## Work to complete:
The listing below is to be reproduced in full, exactly as given.

(Supplied material begins)

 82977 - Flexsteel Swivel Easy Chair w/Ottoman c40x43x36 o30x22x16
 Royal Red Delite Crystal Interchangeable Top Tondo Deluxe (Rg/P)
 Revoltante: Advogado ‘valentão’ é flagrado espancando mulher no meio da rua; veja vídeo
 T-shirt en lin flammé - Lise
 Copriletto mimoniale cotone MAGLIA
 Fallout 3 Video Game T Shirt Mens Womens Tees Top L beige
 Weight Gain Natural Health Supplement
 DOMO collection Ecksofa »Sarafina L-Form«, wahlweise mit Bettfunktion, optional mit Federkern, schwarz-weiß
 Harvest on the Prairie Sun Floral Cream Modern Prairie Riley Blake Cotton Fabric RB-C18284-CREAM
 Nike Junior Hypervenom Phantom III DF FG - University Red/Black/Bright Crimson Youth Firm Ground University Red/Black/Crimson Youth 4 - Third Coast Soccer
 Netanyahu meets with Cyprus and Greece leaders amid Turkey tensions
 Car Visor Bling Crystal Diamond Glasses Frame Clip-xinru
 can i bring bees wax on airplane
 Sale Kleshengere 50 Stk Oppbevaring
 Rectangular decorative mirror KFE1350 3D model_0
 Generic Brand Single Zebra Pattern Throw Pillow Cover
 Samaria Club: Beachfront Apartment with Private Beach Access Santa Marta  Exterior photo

(Supplied material ends)

## Written answer:
 82977 - Flexsteel Swivel Easy Chair w/Ottoman c40x43x36 o30x22x16
 Royal Red Delite Crystal Interchangeable Top Tondo Deluxe (Rg/P)
 Revoltante: Advogado ‘valentão’ é flagrado espancando mulher no meio da rua; veja vídeo
 T-shirt en lin flammé - Lise
 Copriletto mimoniale cotone MAGLIA
 Fallout 3 Video Game T Shirt Mens Womens Tees Top L beige
 Weight Gain Natural Health Supplement
 DOMO collection Ecksofa »Sarafina L-Form«, wahlweise mit Bettfunktion, optional mit Federkern, schwarz-weiß
 Harvest on the Prairie Sun Floral Cream Modern Prairie Riley Blake Cotton Fabric RB-C18284-CREAM
 Nike Junior Hypervenom Phantom III DF FG - University Red/Black/Bright Crimson Youth Firm Ground University Red/Black/Crimson Youth 4 - Third Coast Soccer
 Netanyahu meets with Cyprus and Greece leaders amid Turkey tensions
 Car Visor Bling Crystal Diamond Glasses Frame Clip-xinru
 can i bring bees wax on airplane
 Sale Kleshengere 50 Stk Oppbevaring
 Rectangular decorative mirror KFE1350 3D model_0
 Generic Brand Single Zebra Pattern Throw Pillow Cover
 Samaria Club: Beachfront Apartment with Private Beach Access Santa Marta  Exterior photo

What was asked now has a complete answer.